### [Input]
Segment Open

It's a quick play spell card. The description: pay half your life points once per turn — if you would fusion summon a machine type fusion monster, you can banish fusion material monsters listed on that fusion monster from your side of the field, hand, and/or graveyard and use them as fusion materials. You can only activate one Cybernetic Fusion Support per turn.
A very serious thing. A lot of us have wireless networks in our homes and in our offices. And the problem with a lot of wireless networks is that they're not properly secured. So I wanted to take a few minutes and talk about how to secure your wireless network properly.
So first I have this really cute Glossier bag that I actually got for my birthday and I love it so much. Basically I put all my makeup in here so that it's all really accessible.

Segment Closed
Segment Open

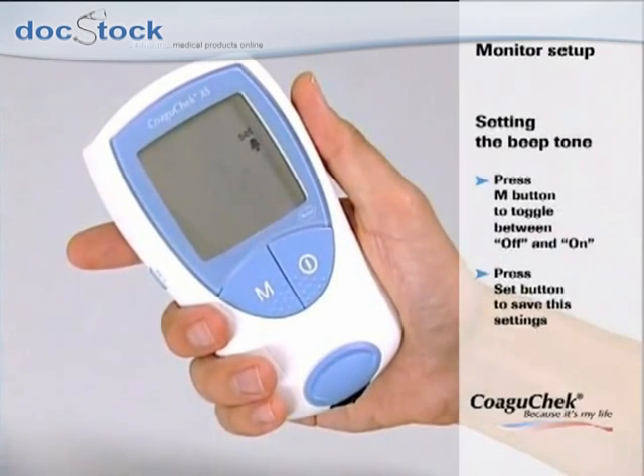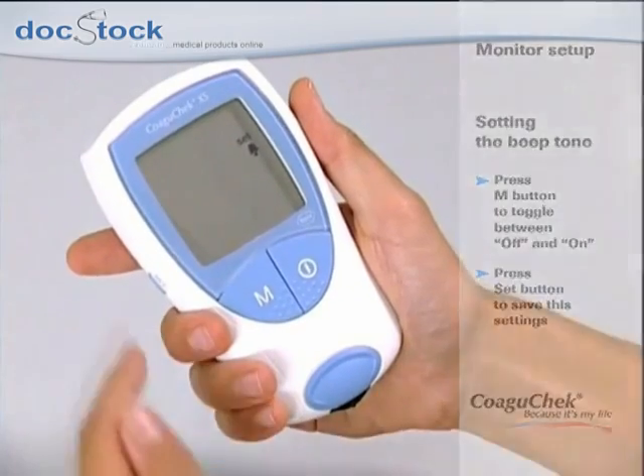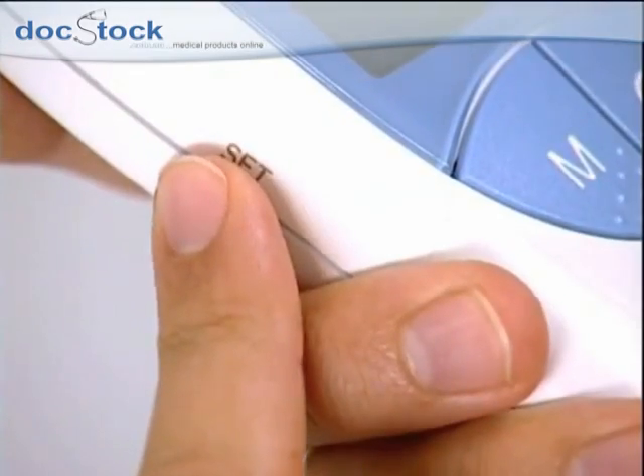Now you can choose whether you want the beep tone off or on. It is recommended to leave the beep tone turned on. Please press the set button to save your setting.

Segment Closed

### [Task description]
Keep both end lines and retype everything in the records above from the line containing "A very serious" through the line containing "So first I have", exactly, with nothing else.

### [Completed exercise]
A very serious thing. A lot of us have wireless networks in our homes and in our offices. And the problem with a lot of wireless networks is that they're not properly secured. So I wanted to take a few minutes and talk about how to secure your wireless network properly.
So first I have this really cute Glossier bag that I actually got for my birthday and I love it so much. Basically I put all my makeup in here so that it's all really accessible.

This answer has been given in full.